Biofilms on food-contact surfaces can lead to recurrent contamination. This work aimed to study the biofilm formation process on stainless steel plates used in the dairy industry: 304 surface finish 2B and electropolished; and the effect of a cleaning and disinfection process using alkaline (AEW) and neutral (NEW) electrolyzed water. Milk fouling during heat processing can lead to type A or B deposits, which were analyzed for composition, surface energy, thickness, and roughness, while the role of raw milk microbiota on biofilm development was investigated.
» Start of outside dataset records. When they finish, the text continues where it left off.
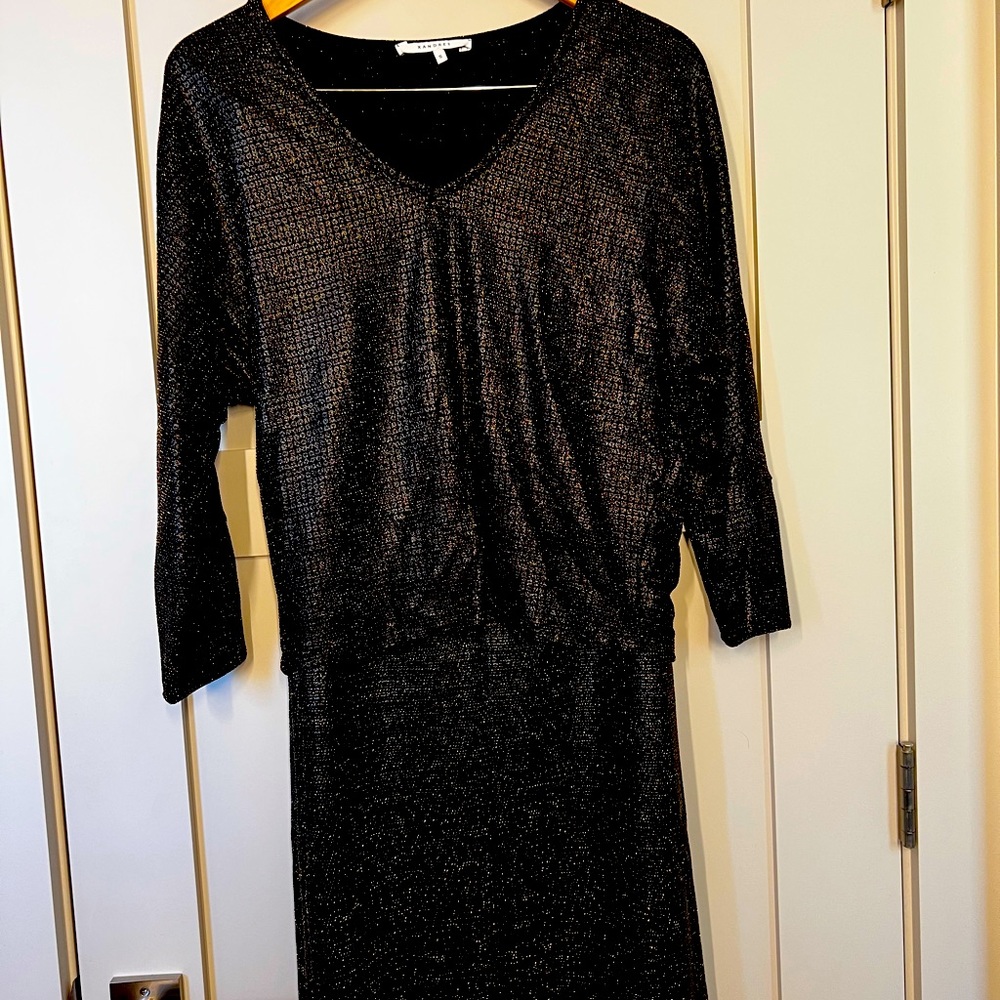 Xandres party dress black and gold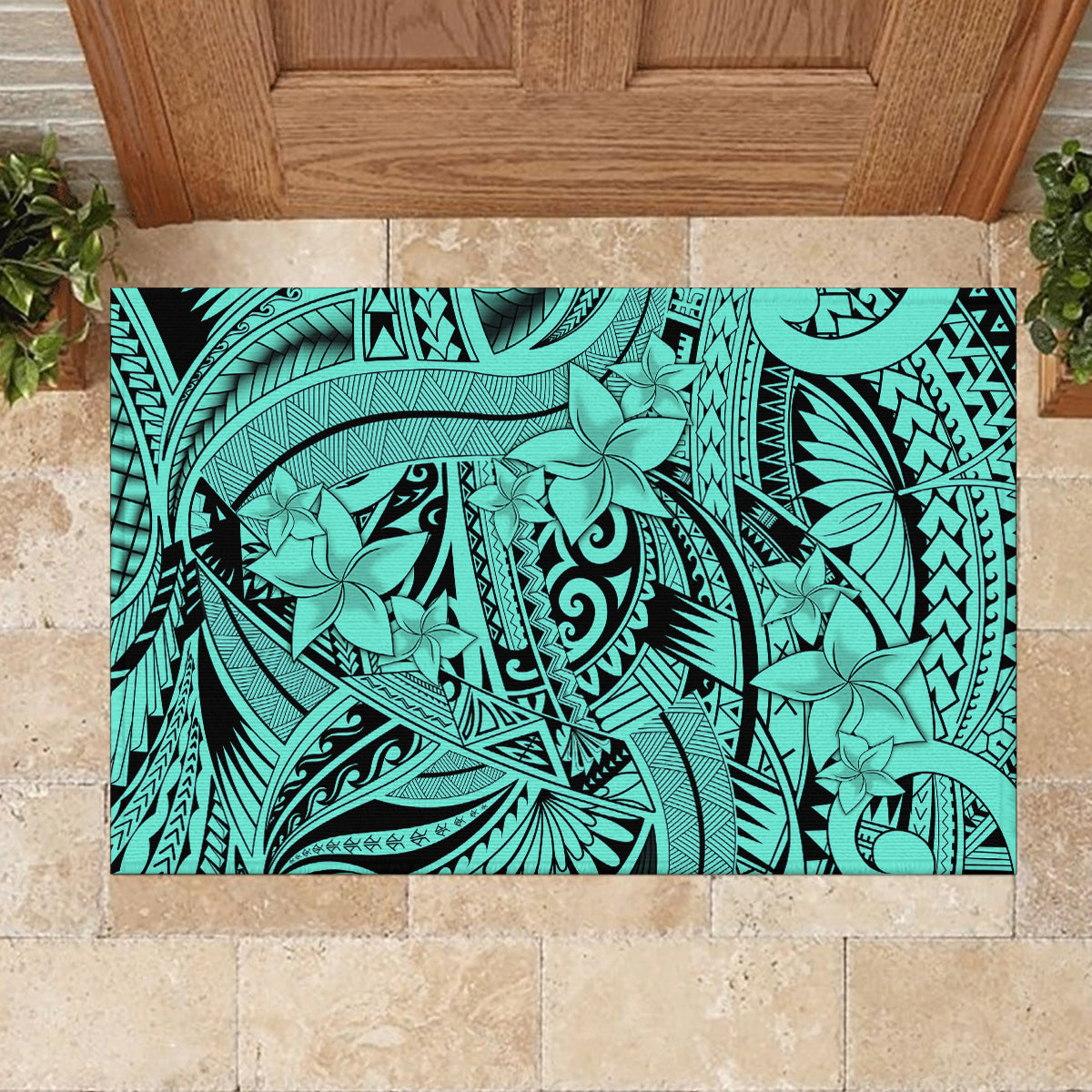 Polynesia Rubber Doormat Tribal Polynesian Spirit With Teal Pacific Flowers LT9 - Polynesian Pride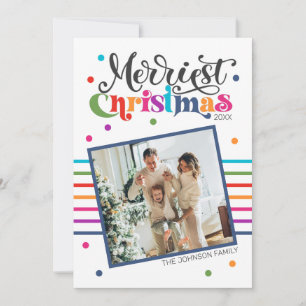 Colourful Modern Christmas Family Photo Holiday Ca Card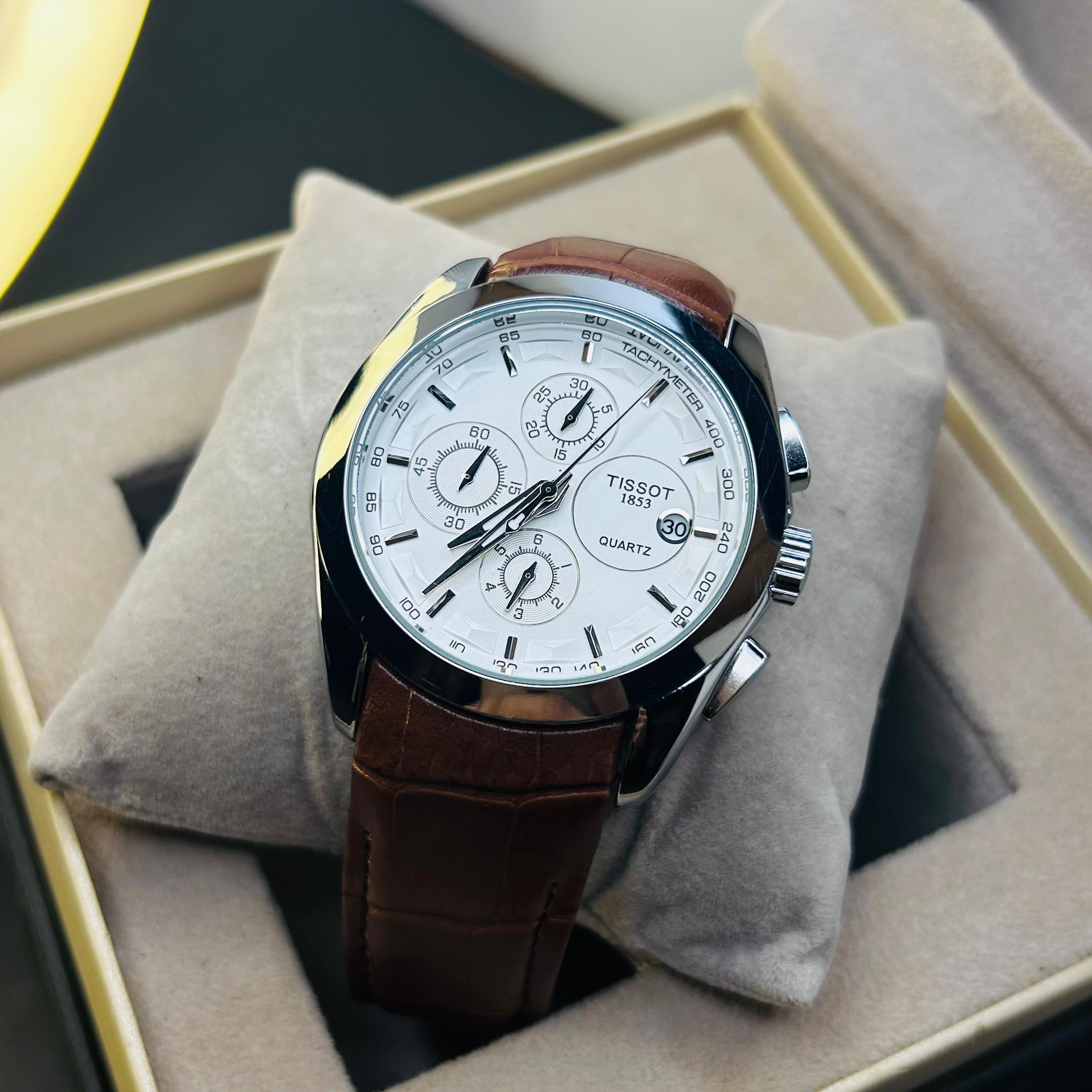 Tissot Men's 1853 Chronograph Date Display Leather Strap Watch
Bacteria, yeasts, and lactic acid bacteria were detected using EUB-338, PF2, and Str-493 probes, respectively, whereas Lis-637 probe detected Listeria sp. The genetic complexity and diversity of biofilms varied according to biofilm maturation day, as evaluated by 16S rRNA gene sequence, denaturing gradient gel electrophoresis, and fluorescence in situ hybridization microscopy. From analysis of the experimental designs, a cleaning stage of 50 mg/L NaOH of AEW at 30 °C for 10 min, followed by disinfection using 50 mg/L total available chlorine of NEW at 20 °C for 5 min is a sustainable alternative process to prevent biofilm formation. Fluorescence microscopy was used to visualize the effectiveness of this process.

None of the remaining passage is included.